O primeiro emprego de Garantia da lei e da Ordem que se tem noticia ocorreu no céu, antes mesmo do paraíso de Adão e Eva, quando o anjo da ordem dos Querubins, Lúcifer, liderou uma revolta contra Deus que, diante da insurgência interna, empregou o arcanjo Miguel para restituir a ordem. Até nesse caso persiste a controvérsia sobre a ação vitoriosa, já que ela deu origem ao inferno para onde foram enviadas as forças adversas, para alguns um castigo a altura da desfaçatez da rebelião, para outros uma vitória de Pirro, pois desde então o inferno passou a ser o grande concorrente do céu.
A repressão à revolta dos escravos liderada por Spartacus, imortalizada por Kirk Douglas no cinema, é outro caso sintomático. O levante, tratado inicialmente com escárnio pelo senado romano, tomou uma dimensão inimaginável, ameaçando a integridade do Império e sepultando carreiras e pretensões de pretores e cônsules enviados para derrotá-lo. Marco Licínio Crasso que, finalmente, o venceu, manchou sua conquista com a crucificação de 6.000 rebeldes ao longo da Via Apia e, ainda, viu a glória da vitória ser atribuída em Roma a Pompeu, que quase nada fez durante toda a campanha.

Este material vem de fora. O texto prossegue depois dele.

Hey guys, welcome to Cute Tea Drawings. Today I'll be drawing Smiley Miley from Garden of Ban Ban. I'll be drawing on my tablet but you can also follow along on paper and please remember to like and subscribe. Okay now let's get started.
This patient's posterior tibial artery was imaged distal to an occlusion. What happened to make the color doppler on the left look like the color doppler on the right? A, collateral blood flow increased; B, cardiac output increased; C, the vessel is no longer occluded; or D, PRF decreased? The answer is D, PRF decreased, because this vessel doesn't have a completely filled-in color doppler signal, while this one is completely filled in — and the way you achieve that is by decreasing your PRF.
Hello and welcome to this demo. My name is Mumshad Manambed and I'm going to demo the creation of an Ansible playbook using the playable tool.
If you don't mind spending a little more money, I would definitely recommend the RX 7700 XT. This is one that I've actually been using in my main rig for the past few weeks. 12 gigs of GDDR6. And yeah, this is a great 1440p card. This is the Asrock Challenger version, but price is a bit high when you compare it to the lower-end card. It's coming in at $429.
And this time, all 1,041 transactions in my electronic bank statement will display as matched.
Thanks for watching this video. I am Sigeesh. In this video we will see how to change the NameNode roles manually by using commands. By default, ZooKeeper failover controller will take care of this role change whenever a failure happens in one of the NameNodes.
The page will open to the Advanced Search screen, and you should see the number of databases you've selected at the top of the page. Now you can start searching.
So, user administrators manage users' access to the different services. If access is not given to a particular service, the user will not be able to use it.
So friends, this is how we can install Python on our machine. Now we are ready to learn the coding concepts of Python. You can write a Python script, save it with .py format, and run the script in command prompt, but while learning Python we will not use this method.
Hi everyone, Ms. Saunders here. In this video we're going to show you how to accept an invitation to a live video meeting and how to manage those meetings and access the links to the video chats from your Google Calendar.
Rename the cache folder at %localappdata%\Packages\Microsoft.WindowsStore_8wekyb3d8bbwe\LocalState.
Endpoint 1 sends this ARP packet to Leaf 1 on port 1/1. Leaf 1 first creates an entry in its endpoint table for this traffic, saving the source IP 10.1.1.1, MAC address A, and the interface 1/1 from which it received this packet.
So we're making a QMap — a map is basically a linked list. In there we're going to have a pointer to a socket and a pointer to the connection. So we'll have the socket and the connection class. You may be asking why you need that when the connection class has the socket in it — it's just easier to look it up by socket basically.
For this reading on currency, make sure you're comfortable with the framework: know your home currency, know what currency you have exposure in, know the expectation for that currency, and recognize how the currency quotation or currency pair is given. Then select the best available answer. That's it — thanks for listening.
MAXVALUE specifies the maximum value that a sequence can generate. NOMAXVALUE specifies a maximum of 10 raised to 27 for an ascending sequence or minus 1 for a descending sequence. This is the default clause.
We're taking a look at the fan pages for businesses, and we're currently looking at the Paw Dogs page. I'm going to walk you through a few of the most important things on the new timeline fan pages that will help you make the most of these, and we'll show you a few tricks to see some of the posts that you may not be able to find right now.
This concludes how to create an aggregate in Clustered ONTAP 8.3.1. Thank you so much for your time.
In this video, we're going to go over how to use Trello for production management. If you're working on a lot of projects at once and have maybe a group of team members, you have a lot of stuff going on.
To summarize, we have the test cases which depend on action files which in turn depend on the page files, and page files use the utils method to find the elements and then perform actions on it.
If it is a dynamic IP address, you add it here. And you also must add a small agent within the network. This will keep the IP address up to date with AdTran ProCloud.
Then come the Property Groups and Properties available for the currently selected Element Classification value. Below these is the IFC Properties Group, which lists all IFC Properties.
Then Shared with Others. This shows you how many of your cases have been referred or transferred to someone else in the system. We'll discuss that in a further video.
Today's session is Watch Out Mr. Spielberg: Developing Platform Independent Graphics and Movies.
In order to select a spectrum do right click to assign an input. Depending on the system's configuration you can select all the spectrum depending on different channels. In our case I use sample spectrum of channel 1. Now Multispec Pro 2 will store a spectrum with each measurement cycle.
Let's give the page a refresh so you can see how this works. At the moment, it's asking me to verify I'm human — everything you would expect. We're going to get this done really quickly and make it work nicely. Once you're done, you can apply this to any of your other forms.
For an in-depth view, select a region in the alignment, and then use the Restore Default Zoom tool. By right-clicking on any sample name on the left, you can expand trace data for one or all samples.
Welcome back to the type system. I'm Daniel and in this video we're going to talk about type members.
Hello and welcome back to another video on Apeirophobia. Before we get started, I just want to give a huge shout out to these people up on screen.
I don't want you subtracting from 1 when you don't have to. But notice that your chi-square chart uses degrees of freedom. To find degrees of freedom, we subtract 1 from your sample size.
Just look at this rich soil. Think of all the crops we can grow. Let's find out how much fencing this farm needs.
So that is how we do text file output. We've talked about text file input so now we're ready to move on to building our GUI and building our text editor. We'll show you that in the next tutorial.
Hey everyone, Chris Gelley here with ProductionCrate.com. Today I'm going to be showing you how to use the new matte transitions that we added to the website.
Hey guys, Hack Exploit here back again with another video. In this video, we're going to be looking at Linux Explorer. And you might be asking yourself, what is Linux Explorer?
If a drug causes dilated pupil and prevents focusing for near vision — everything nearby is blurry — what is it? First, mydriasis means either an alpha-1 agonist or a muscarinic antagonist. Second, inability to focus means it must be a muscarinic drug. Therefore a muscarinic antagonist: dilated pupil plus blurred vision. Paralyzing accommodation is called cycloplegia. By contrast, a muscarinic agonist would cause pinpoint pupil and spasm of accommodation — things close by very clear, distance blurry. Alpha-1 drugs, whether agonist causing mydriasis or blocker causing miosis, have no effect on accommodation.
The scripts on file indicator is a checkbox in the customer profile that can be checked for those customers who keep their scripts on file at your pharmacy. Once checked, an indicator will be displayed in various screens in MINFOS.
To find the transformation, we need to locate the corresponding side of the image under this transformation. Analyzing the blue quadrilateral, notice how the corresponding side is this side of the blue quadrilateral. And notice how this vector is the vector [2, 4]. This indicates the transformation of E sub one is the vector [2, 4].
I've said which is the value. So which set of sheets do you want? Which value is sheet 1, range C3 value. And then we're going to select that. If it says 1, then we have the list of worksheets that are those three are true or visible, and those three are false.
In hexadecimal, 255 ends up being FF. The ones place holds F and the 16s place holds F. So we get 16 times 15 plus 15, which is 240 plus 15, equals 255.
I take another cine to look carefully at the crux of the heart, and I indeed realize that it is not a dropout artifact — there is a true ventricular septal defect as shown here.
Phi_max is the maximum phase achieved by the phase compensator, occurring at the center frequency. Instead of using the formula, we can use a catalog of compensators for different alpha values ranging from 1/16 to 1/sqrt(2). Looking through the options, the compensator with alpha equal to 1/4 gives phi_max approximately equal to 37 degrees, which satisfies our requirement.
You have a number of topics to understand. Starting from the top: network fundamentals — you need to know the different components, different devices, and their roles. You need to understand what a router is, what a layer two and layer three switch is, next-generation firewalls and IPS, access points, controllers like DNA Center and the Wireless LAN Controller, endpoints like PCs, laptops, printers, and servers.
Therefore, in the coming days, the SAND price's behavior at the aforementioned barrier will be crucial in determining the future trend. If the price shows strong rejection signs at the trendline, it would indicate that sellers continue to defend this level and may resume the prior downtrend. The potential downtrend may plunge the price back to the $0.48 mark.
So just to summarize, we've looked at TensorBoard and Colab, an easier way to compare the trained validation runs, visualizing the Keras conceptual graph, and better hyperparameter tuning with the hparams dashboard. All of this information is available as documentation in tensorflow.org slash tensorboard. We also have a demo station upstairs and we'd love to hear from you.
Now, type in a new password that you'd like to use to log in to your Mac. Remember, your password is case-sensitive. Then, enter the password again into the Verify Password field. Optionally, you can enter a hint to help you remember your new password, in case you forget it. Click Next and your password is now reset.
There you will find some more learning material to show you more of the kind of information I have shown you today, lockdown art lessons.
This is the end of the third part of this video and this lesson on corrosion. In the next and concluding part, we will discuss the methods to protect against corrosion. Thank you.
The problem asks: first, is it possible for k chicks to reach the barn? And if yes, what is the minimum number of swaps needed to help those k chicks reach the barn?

A ocupação da Espanha por Napoleão maculou a biografia de muitos dos Marechais de França, que, imbatíveis nos campos de batalha por mais de 15 anos, sentiram o gosto, senão da derrota, ao menos do fracasso técnico por não conseguirem dominar por completo as inúmeras revoltas dos nacionalistas espanhóis inconformados com o domínio napoleônico. O mesmo ocorreu com os marechais e generais alemães. Incomparáveis mestres da guerra na 2ª GM, em quase a sua totalidade sofreram condenações discutíveis por ações da SS na repressão a sabotagens e guerrilhas nos territórios ocupados.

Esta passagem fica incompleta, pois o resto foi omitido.